Railway stations are one of the few places where you can change old currency for new. Speaking with a rail clerk, Divya, about demonetisation, I am struck by how she paints the scene. Her shifts have routinely involved overtime and the government has extended the hours during which people can swap currency. It is as busy as she has ever seen it. People will bring old 1000 rupee notes and buy the cheapest tickets just to get legible change, expecting 993 rupees back in useable currency. But the station often runs out of legal tender even with new instalments every hour. The lack of cash is starting to have consequences she can see. Divya says: 

People sleep at the railway station. They buy a ticket for a train in the morning and sleep overnight on the platform. There are about 10 to 20 regulars who live this way. They get ready for work in the railway toilets and off they go, every day. Because if you do this, if you get a ticket, you can sleep here, but the police will kick you if you are on the street, or you have to bribe them.  

For 7 rupees (8 cents) you can have a relatively quiet and legal place to rest your head. They might be chai wallahs or vadai makers. They might sell pots or plants. They might be day labourers. These are people who are already on the margins, but the number of people here has increased since the currency crisis. It is too early to say if this is because of demonetisation or if the informal economy is coming apart at the seams and the railway station is becoming a new home for those squeezed. Only time will tell given so much of India relies on the cash economy. 

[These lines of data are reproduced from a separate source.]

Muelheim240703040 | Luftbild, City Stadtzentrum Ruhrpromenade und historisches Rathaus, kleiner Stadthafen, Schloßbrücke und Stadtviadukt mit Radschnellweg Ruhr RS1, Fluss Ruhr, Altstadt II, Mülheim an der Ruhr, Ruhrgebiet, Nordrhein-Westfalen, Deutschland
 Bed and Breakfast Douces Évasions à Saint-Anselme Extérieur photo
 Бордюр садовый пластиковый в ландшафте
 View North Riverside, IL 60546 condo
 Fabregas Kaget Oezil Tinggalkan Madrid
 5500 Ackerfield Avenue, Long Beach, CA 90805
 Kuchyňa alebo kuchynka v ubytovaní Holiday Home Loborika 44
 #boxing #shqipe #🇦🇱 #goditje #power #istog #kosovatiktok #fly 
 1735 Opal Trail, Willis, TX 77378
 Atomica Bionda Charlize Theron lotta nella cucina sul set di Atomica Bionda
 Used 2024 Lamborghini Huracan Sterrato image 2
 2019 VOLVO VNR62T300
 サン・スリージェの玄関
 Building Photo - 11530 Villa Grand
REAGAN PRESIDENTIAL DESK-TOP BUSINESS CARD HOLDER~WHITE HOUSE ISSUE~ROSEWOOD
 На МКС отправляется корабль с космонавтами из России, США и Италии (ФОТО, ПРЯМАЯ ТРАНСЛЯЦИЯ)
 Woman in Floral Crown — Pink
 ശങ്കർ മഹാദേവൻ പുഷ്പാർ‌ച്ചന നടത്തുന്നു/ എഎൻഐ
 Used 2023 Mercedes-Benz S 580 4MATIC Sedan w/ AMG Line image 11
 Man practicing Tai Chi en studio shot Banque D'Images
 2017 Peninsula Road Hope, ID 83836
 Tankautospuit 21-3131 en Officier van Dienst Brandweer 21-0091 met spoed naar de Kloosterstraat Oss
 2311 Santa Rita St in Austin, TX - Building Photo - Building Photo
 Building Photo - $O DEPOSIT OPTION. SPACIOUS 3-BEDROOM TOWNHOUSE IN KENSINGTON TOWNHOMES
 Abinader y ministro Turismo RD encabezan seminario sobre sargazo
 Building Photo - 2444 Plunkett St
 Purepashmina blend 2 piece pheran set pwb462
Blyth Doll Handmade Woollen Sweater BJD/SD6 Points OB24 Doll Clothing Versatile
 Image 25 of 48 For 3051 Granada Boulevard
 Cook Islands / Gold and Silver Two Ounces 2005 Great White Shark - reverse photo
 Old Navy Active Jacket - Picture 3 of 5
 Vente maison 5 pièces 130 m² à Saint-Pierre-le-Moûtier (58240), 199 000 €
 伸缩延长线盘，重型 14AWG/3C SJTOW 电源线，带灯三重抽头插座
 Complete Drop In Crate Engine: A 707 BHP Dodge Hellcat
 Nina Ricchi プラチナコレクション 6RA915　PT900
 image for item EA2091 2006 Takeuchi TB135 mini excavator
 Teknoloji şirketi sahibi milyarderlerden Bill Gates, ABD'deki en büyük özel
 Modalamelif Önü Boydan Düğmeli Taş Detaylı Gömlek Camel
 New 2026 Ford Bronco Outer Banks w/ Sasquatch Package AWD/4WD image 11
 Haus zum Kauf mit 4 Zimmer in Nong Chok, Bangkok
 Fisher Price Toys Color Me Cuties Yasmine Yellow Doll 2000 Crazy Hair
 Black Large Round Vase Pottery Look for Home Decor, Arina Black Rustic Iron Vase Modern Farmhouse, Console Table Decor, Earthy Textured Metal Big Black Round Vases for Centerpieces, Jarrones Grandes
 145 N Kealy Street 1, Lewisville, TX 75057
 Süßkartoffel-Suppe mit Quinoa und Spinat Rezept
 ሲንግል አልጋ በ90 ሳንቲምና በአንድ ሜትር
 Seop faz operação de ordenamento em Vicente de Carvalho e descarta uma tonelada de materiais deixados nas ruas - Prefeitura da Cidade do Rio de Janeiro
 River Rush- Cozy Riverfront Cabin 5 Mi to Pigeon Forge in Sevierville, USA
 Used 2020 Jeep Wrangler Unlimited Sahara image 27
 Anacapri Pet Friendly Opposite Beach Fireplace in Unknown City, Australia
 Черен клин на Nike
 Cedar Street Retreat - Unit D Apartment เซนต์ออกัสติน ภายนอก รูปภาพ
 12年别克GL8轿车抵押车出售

Money does make the world go round, but in the messy, everyday interactions like buying a train ticket, this story helps us make sense of economics, politics and society. When you go to buy train tickets in Kochi, like everywhere else in India, you buy them from a person, you buy them from Divya, or Rahul or Rukmini or Sunil. This is not always the case and the Internet has changed commerce, but for the most part this exchange is in cash and face-to-face. There is a haphazard order to queuing, and the ticket sellers, all government employees, are friendly and efficient, but the pace is not hurried. If one is rushed, it is not uncommon to simply push in and get on with it.  

But this feeling of a permanent ‘go-slow’ seems against a brutal ethos of efficiency, profit, growth. This might be due to the ‘large country town’ atmosphere of Kochi, or the political inclinations, which have a tendency to use strikes as a tactic against the productivity focused ‘bossman’. People, rail clerks included, take their time, which suggests they have other priorities. It seems that Kochi people work to live not the other way around. This attitude, so at odds with rootless capital, suggests there is more to the story than the trains that ply the Kerala west coast, a story larger than India itself, and something that extends right across the ocean if not to the world as a whole. It is a lesson in how to be and not simply as inheritors of a colonial infrastructure that extends into the mind as well.